Sans oublier le transport : je ne l'ai pas dit dans l'article car il ne faut pas être trop long (sinon les lecteurs décrochent), mais les supports métalliques du 1er parc étaient fabriqués au Portugal.
C'est très bien, mais j'ai du mal à croire que l'énergie grise consommée pour une structure d'acier pèse beaucoup par rapport à l'énergie utilisée pour fabriquer les PV qui sont posés dessus.
Et je dirais aussi que du bois mort non traité et avec son écorce, c'est le paradis des insectes. Très bien pour la bio diversité, mais il risque de ne pas durer longtemps, ce n'est pas grave, ça pousse tout seul. Un jeune arbre qui pousse stocke le CO2, le tuer et le laisser se décomposer, c'est émettre du CO2... Mais je sais que je pousse un peu, là.
C'est vraiment une excellente idée.
On passe d'un poste qui coute en énergie (et CO2), les supports, à un poste qui ne coûte pas et pourrait même être vu comme une forme de stockage de CO2.
La question relative à la % de l'acier des panneaux eux-mêmes n'en est pas une, ce sont 2 postes différents. De plus il ne s'agit pas de croire, mais de mesurer (ou de poser des questions).
Ca va être super pour les insectes dans l'écorce, mais le centre est bon pour 25 ans au moins vu la situation "hors sol". En se décomposant, le bois constitue majoritairement de la matière organique dans le sol, avant de, au bout du bout, éventuellement être totalement relâché en CO2.

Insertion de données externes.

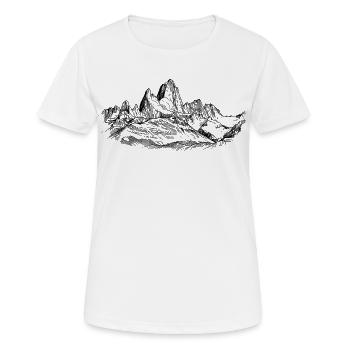 Fitz Roy Silhouette | Patagonia Summit Design | - Women's Breathable T-Shirt - white - Front - AI Model Female 172 dark (172cm)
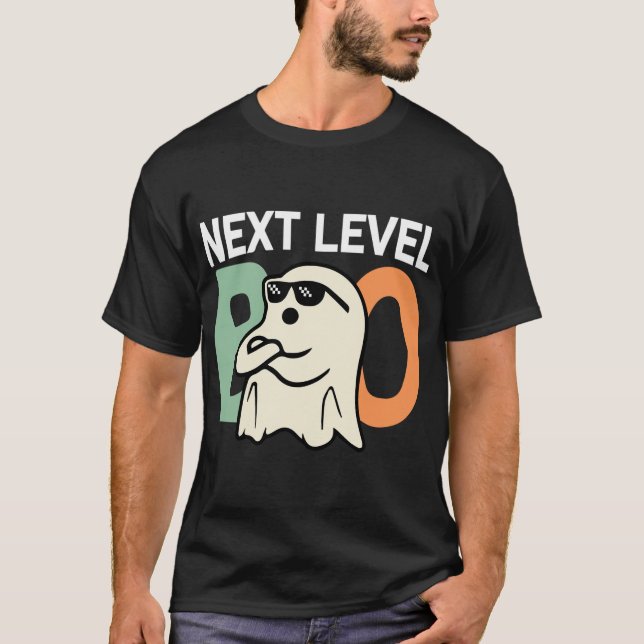 Camiseta Engraçado Novo nível, bu Engraçado, Boo Ghost Corr (Frente)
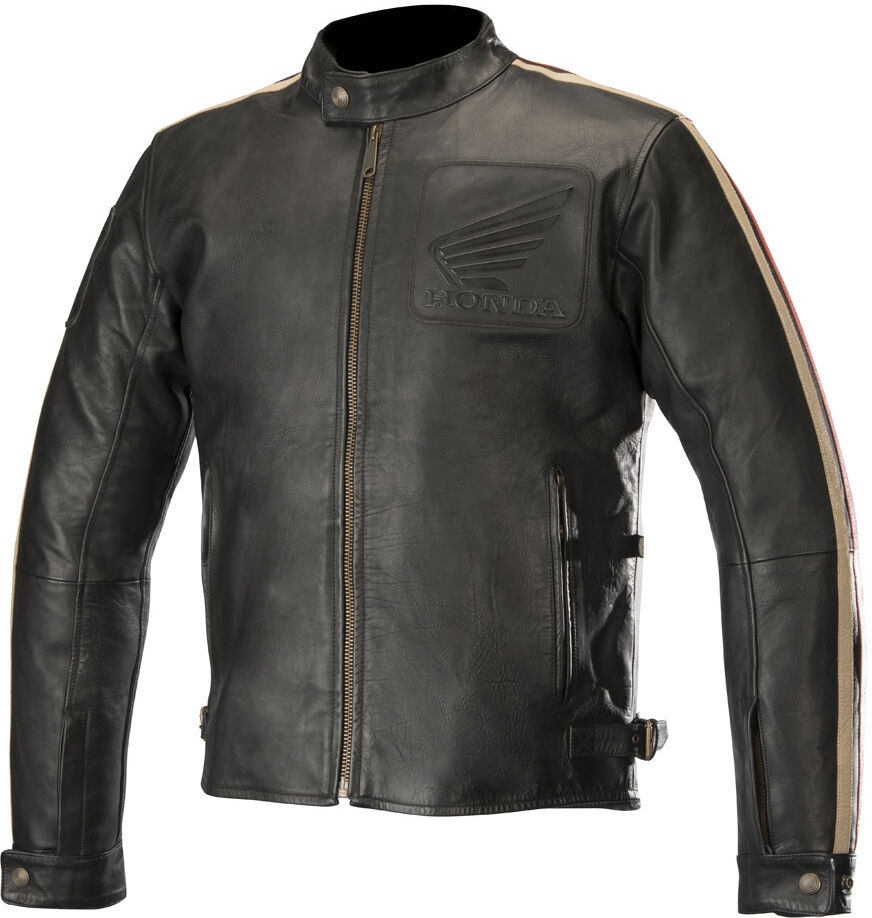 Alpinestars Honda Charlie Motorrad Lederjacke XL Schwarz Rot Beige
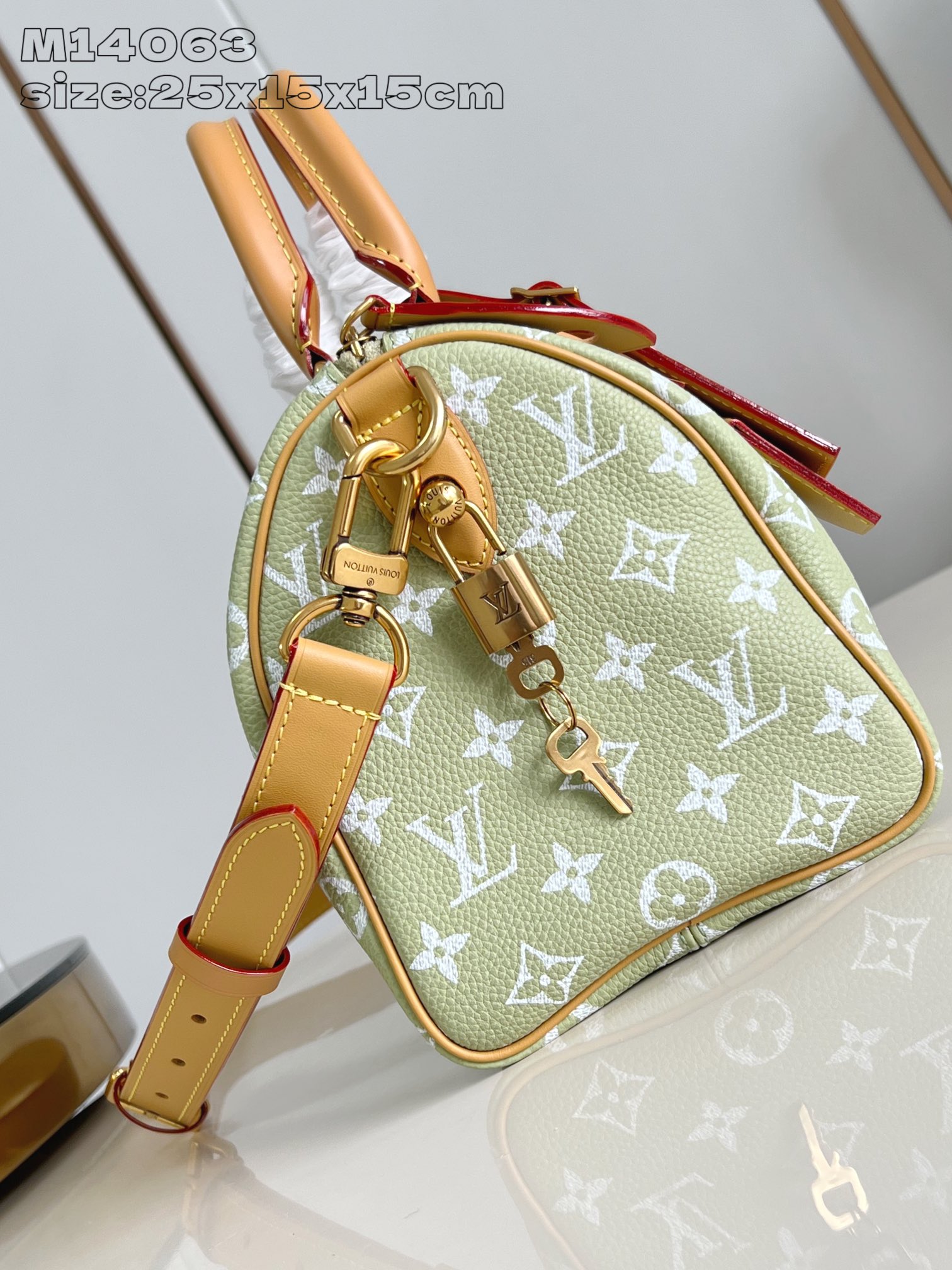 【顶级原单 M14063果绿 】本款 Speedy  Bandoulière 25 Monogram L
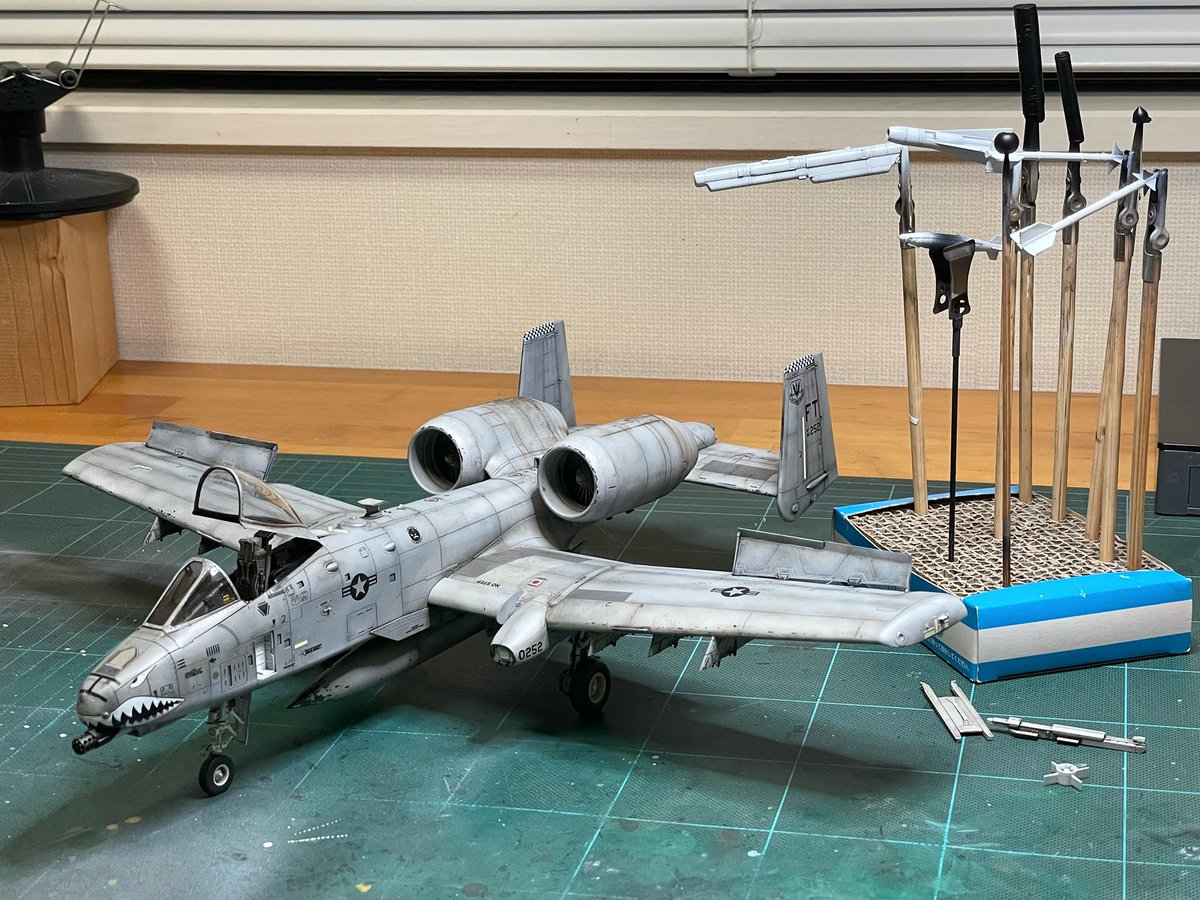 wakky1114's tweet image. Academy1/48A-10Thunderbolt Ⅱ進捗。吊るしものに入りました。夏季連休前の完成目指しましたが、チョットムリ。
#Academy
#a10thunderbolt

S'il s'agit de bois d'éclaircie (ce que la photo suggère) ils ont simplement échappé à l'incinération.
Bref, c'est une vrai bonne idée. Peut-être pas économiquement rentable, mais sur le plan des matériaux et d'une dynamique circulaire locale, c'est un vrai bon pas en avant.
-Bravo à cette initiative (et merci pour l'article).
Sans oublier l'ennemi n°1 du bois: les champignons, ils digèrent la lignine et rendent le bois friable et poreux. La maintenance décennale sera plutôt un remplacement total des supports en bois.
Je ne l'ai pas écris dans l'article pour ne pas être trop long (sinon les lecteurs décrochent), mais il a été tenu compte du risque de colonisation des pièces de bois par les champignons. Par contre je n'ai pas d'info sur les mesures prises pour éliminer ce risque (raison pour laquelle je n'en ai pas parlé).